Five parents in New York City (NYC) on Monday filed a lawsuit against the New York City Department of Health and Mental Hygiene over the recent emergency vaccination order, saying the order lacks sufficient evidence of the measles outbreak and violates legal religious exemptions.
The order was issued last Tuesday in response to a measles outbreak affecting more than 250 NYC residents living in the Williamsburg neighborhood since September. The city issued the order under §556 of the Charter of the City of New York, which charges the Department with controlling communicable diseases and “supervising the abatement of nuisances that affect or are likely to affect the public health.”

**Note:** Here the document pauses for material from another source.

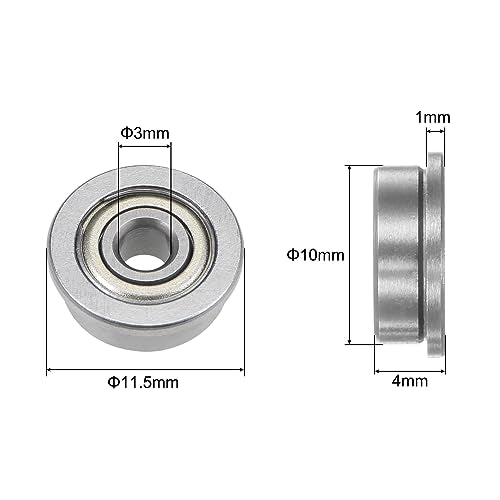 uxcell F623ZZ Flanged Ball Bearing 3x10x4mm Double Shielded Chrome Steel Flange Bearings, 20pcs - size: 3x10x4mm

The order went into effect on April 9, requiring individuals to get the Measles-Mumps-Rubella (MMR) vaccine within 48 hours. It provides exemptions for medical necessity and for those who can prove they are immune from the disease.

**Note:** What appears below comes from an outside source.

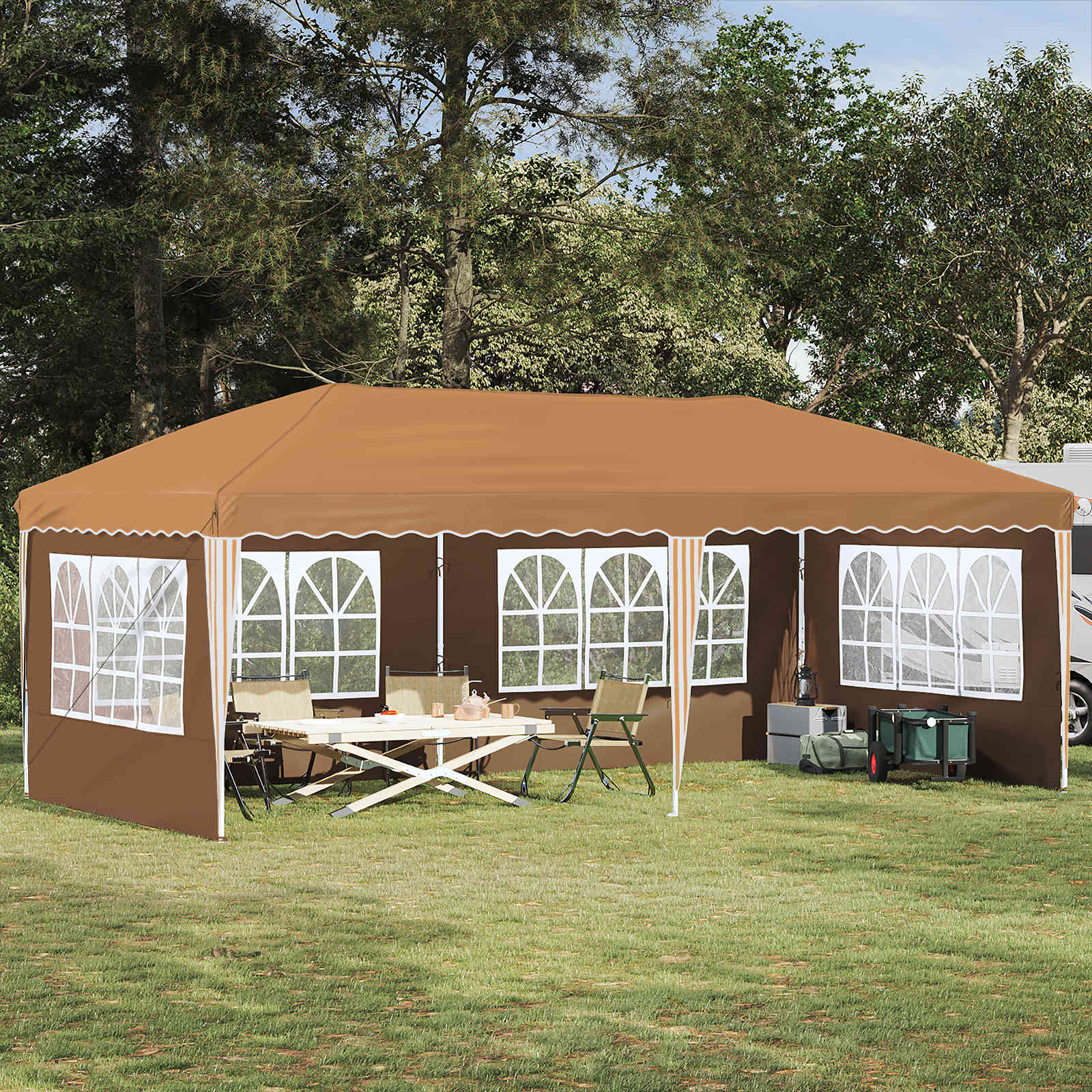 vidaXL Namiot imprezowy rozkładany 575 x 289 x 245 cm Beżowy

In the lawsuit, the plaintiffs argued forced vaccination is not the least restrictive means for controlling the outbreak and said the city should have isolated or quarantined affected individuals. The order purportedly violates the plaintiffs’ exercise of religion, though their specific religious beliefs are not specified.
The lawsuit asks the court to order an injunction preventing enforcement of the order’s civil and criminal penalties, saying that requiring individuals to get the MMR vaccine is “inappropriate because the MMR vaccine indisputably carries the risk of severe injury and death to some individuals.”
The New York City Board of Health is set to revisit the order on Wednesday.